Electric Bikes – electronics and water!

Sounds like a bad combination doesn’t it? Yet after nearly 18 months of using two bikes in all weathers, we have never had an issue with electronics affected by water. Heat? Yes. Water? No.

Until yesterday that is, but it wasn’t the weather that caused the problem. Porirua City has a shared cycleway/footpath that runs along side the Porirua Stream and the Porirua Harbour, and is really convenient for missing out a lot of chaotic lunch time traffic and pedestrians when getting around town. So yesterday lunchtime I went in to get some masking tape for some signage I was working on, and as usual, as I entered the town, took a couple of sharp lefts to join the path. At this point the path drops down quite steeply to go under the “Ramp” – a major road into Porirua that crosses the motorway, railway, Porirua Stream and the cycleway in that order, descending as it does so (hence its name I suppose).
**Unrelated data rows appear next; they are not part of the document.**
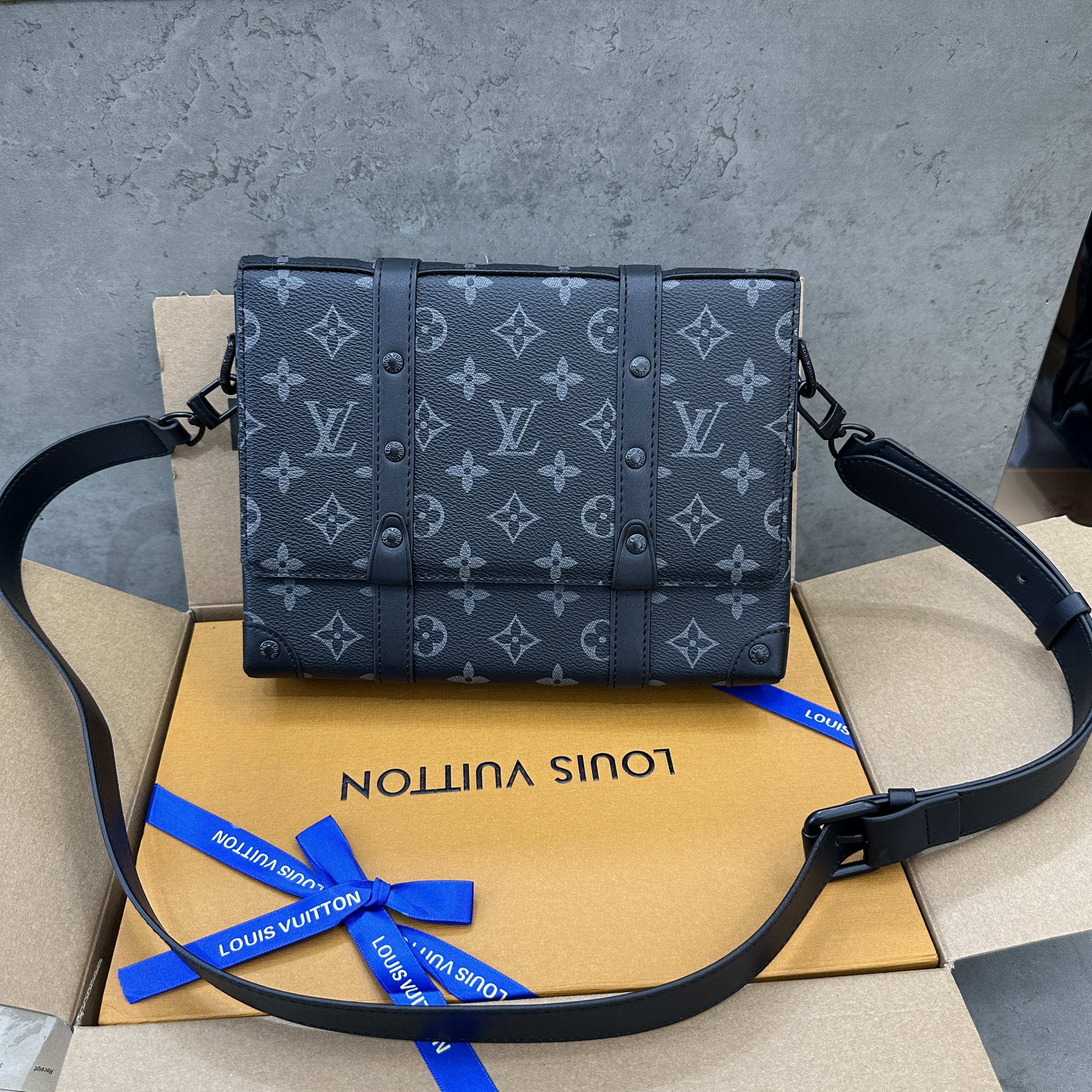 Túi đeo chéo Louis Vuitton LV Đen họa tiết hoa vân Xám nắp gập size 24x18x5.5cm Like Auth on web fullbox bill thẻ PLD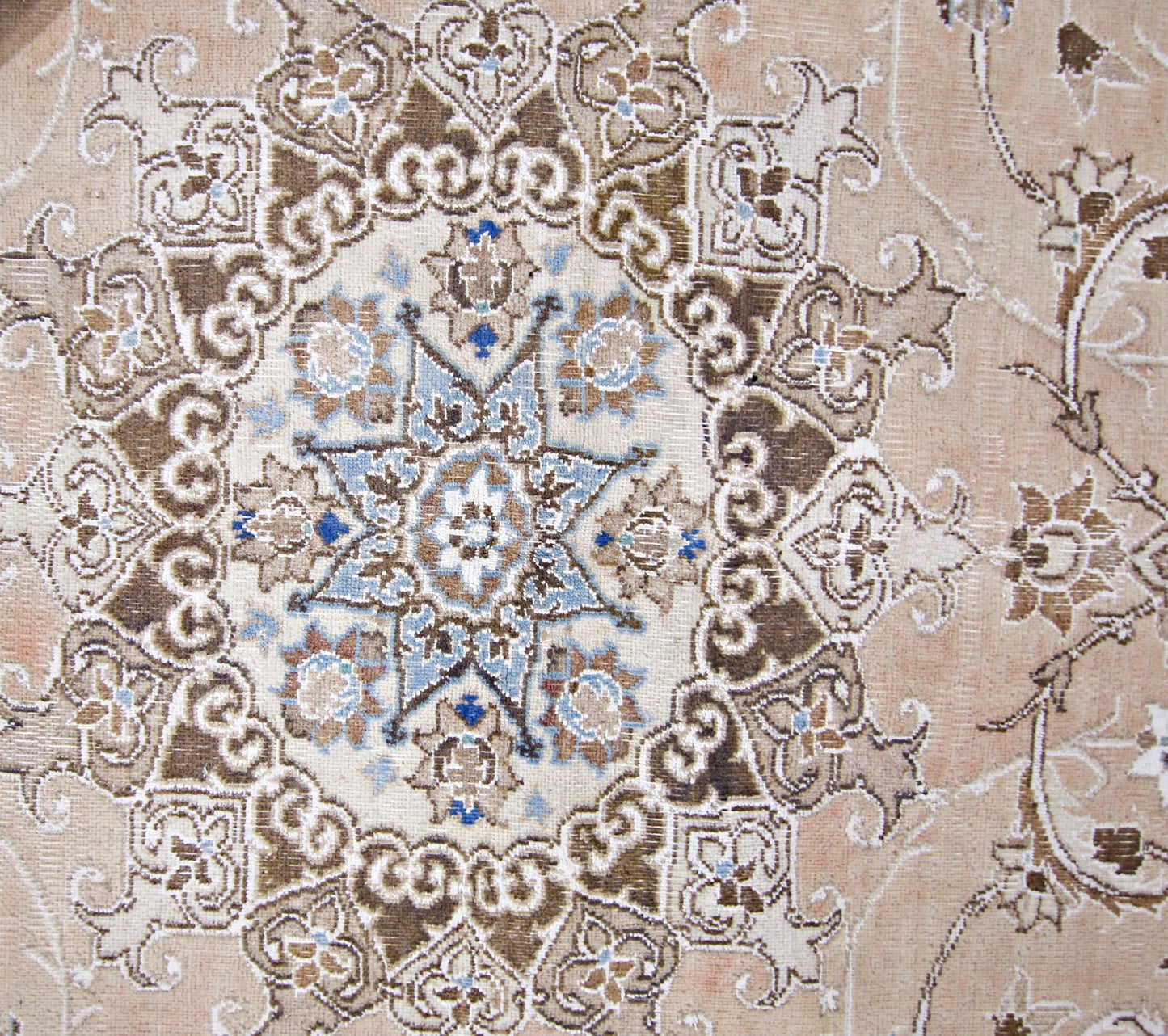 Handmade Vintage Persian Nain Rug | 255 x 171 cm | 8'4" x 5'7" - Najaf Rugs & Textile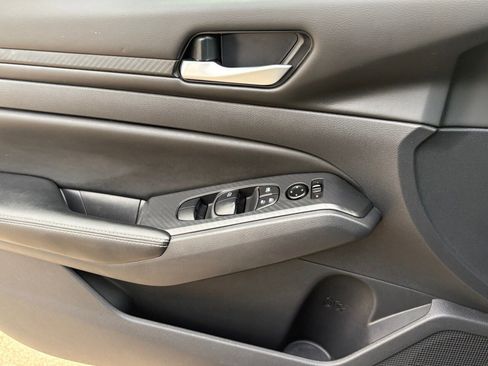 Certified 2025 Nissan Altima 2.5 SV image 28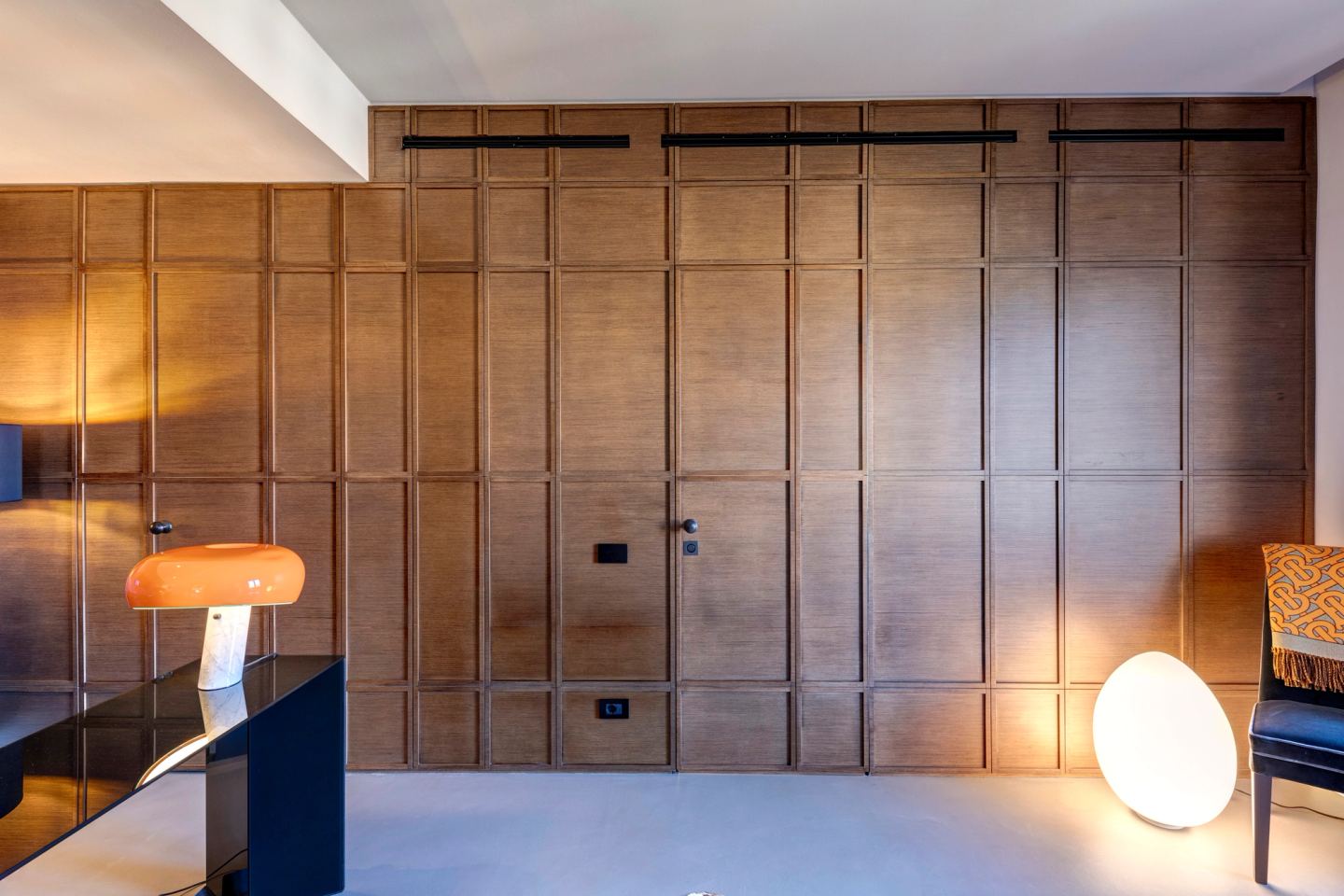 La boiserie in rovere dello studio, chiusa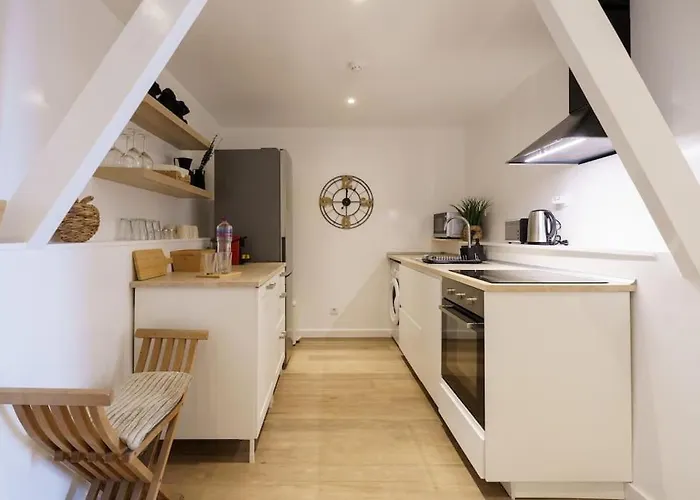 Charm With Patio Appartement *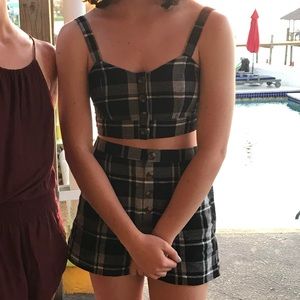 American Eagle Plaid EUC Tank & Shorts size medium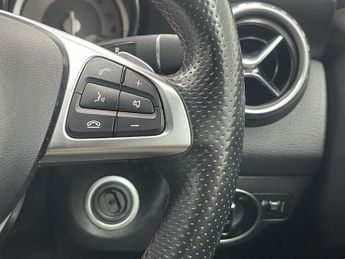 MERCEDES-BENZ GLA 2.1 GLA220d AMG Line (Executive) SUV 5dr Diesel 7G-DCT 4MATIC Eu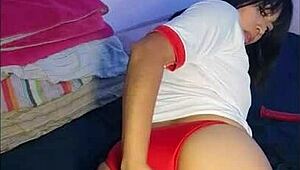 i was watching this japanese brunette in her bloomers masturbating and it was so hot, but i cant spell right.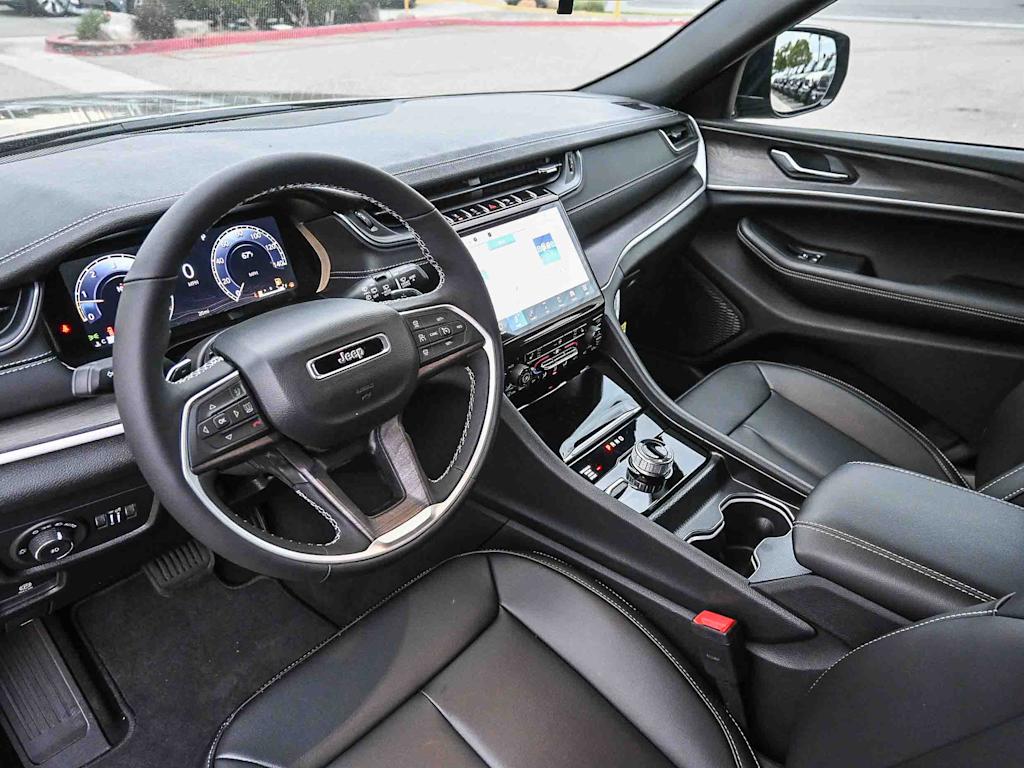 Thumbnail: 2025 Jeep Grand Cherokee - 2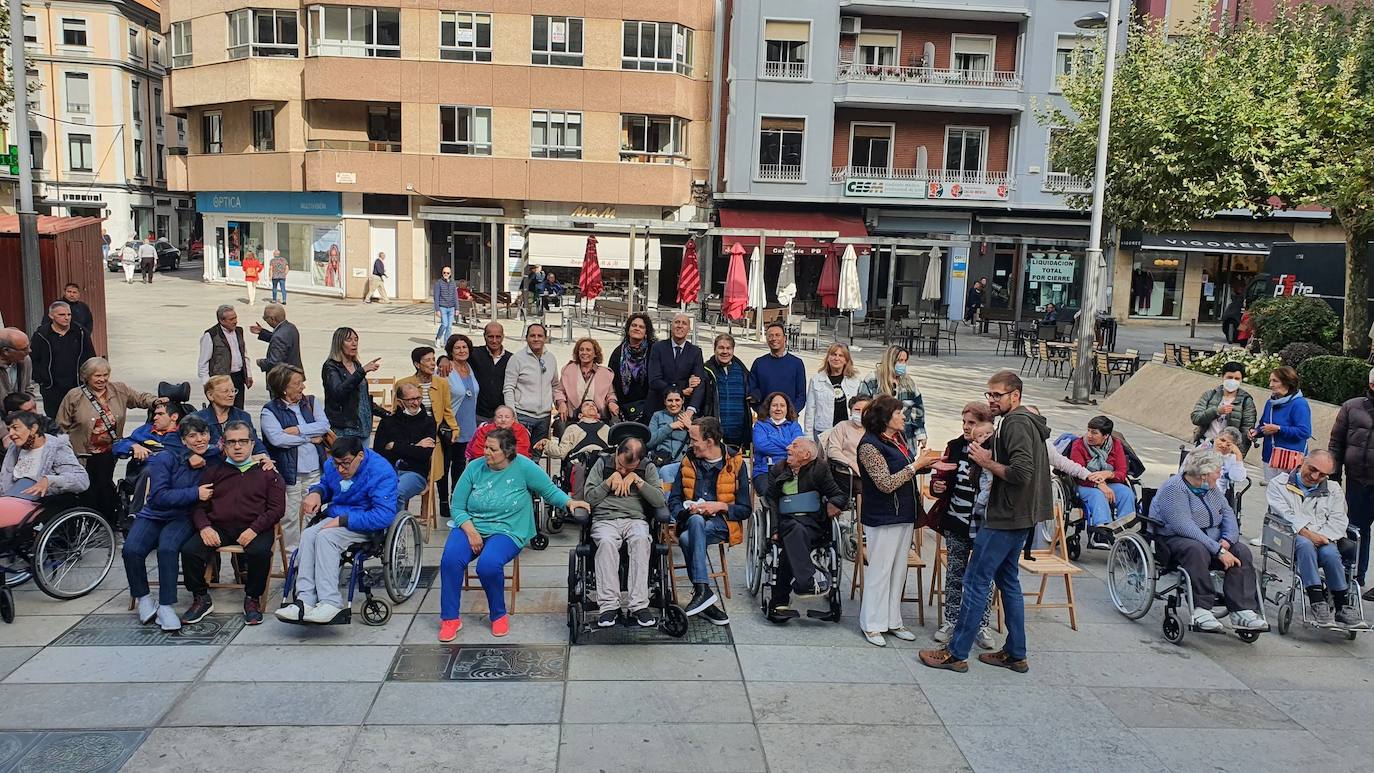 Campaña 'Yo Decido' para conmemorar el Día Mundial de la parálisis cerebral en León.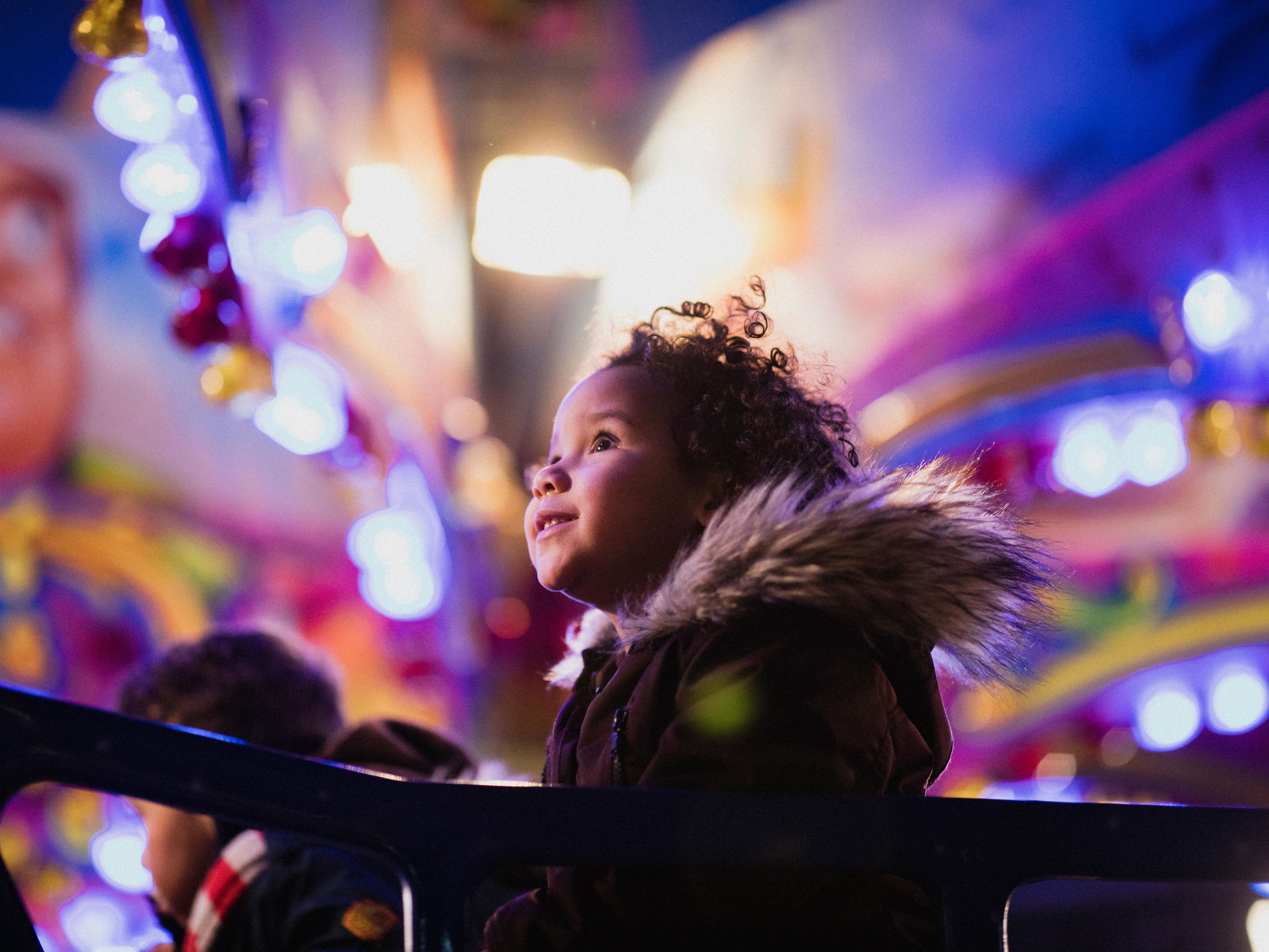 Trade snowflakes for sunshine! Plan your dazzling Holidays at Universal Orlando stay and unwrap every festive event: from Universal’s Holiday Parade to Grinchmas and Christmas in The Wizarding World of Harry Potter! Discover all the magic and book your escape.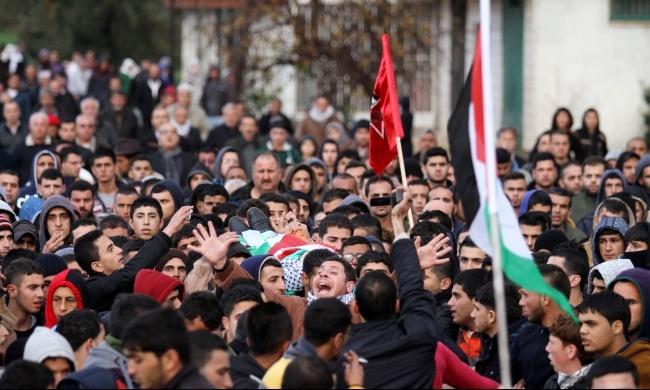 جماهير غفيرة تشيع جثمان الشهيد أبو القيعان في أم الحيران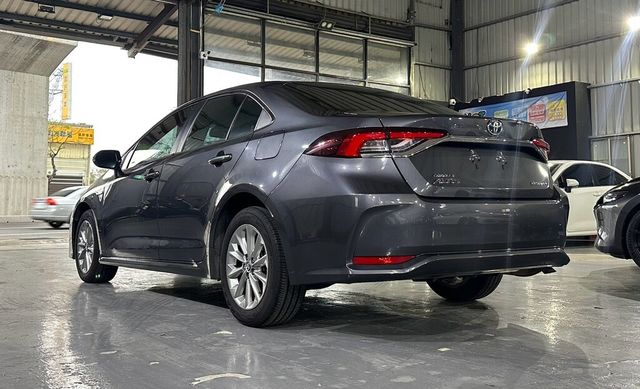 TOYOTA豐田 ALTIS  第5張相片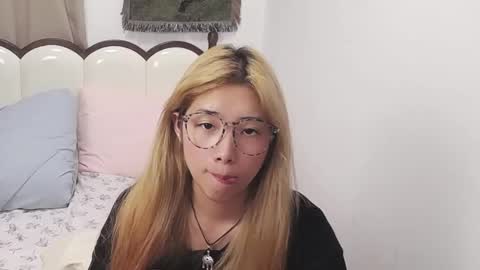 Charlotte online show from November 9, 3:30 pm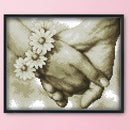 Cross Stitch Needlework Kit 14CT Stamped DIY Artwork (R891 Hand in Hand) Newly
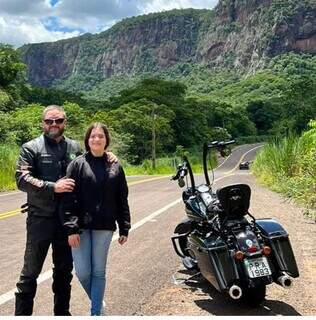 Paulo Calderan e a filha Lara, de 13 anos, ao lado da Harley Davidson. (Foto: Arquivo pessoal)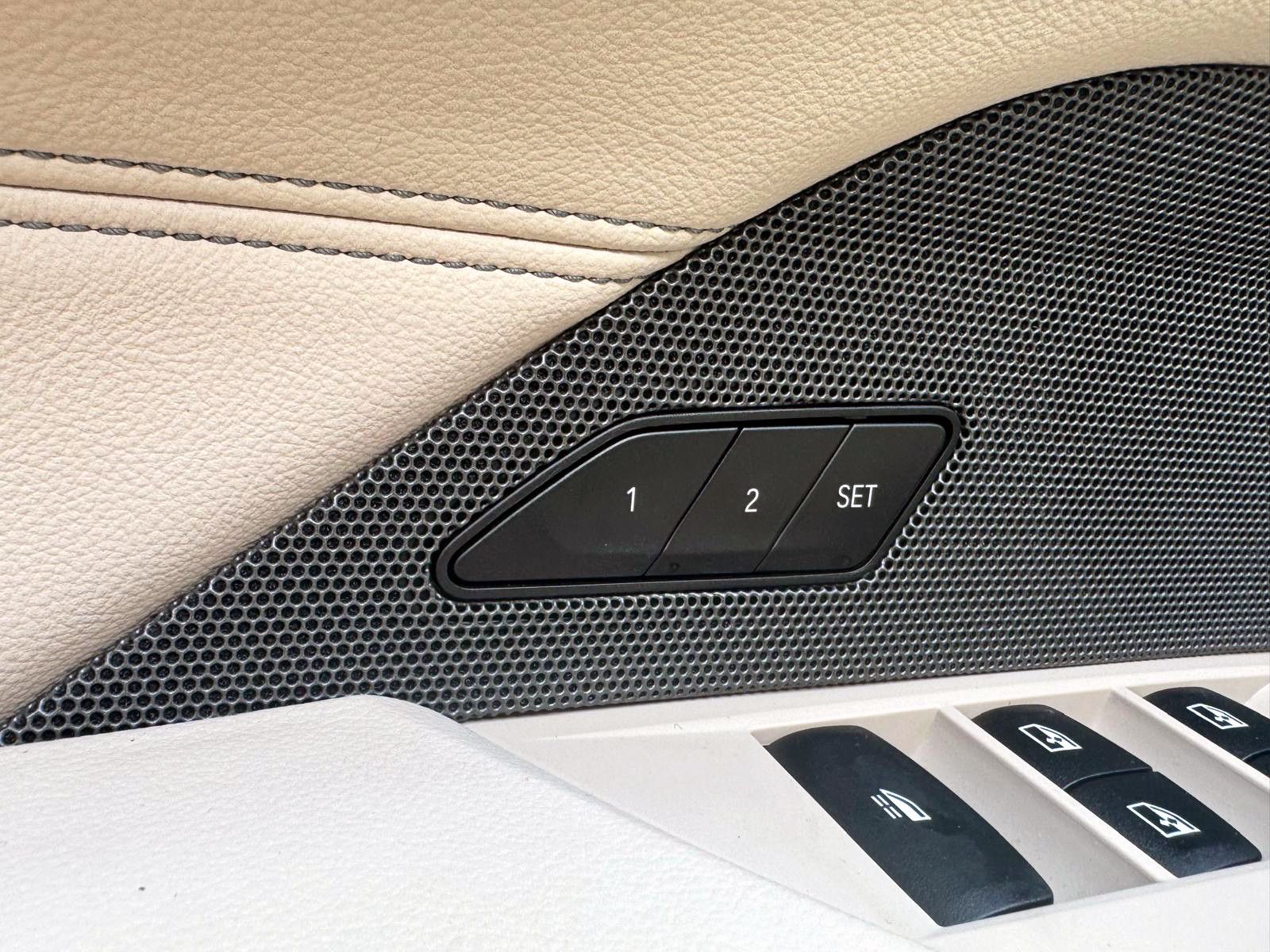 Fahrzeugabbildung BMW M440i xDrive Cabrio ACC AHK LED CarPlay KAM H&K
However, when the tide is high, there is only about 170cm between the water and the bridge at the lowest end, and rather than have people bumping their heads as they walk or ride underneath, the pathway dips beneath the water! Only at high tide, the rest of the time it is fine.

As the alternative is turning round and crossing a major road right next to a busy roundabout, I decided that only my wheels would get wet, so went for it. Not having ridden through deepish water for a few decades, I was quite surprised when my feet got very wet as I went through, mainly from the water thrown up by the wheel. Nothing else untoward happened, so as my feet were already wet, I repeated the act of silliness on the way back too. Using the throttle to get around the sharp bends back onto the Ramp was fine, but when I backed off the throttle and let the pedelec start doing its work – nothing! And nothing for the rest of the day either. I limped home on the throttle, which gives significantly less power than the pedelec, but does have cruise control. If I hold the throttle fully open for 6 seconds, then I can let go of the throttle and I will have full throttle until next time I brake.

The pedelec sensor is down next to the bottom bracket, and because of our slightly unusual bikes and electronics, the pedelec bracket and the hall sensor module are  customised somewhat. The hall sensor module had some silicon in it when I started to customise it, but probably a lot less by the time I reassembled it and got the bike working. My bad!

Last night before I went to bed, I sprayed the sensor with WD40, hoping it would penetrate and repel the water, and after about 1km or so this morning the air movement must have forced the WD40 into the sensor, and everything was fine again. When I get a quiet hour or so I will remove the sensor and reseal it with silicon, and take a look at the other bike too.

I have just replaced the rear tyre again, third in 4500km. At $50 each its worse than replacing a car tyre cost wise! When the tyre gets low on tread, the antipuncture strip seems to stop working, and once again I got a series of punctures, last time it was a piece of glass, this time it was a piece of wire. Anyway, one new puncture proof tyre, along with a thorn proof tube, and I should be good for another couple of thousand kms!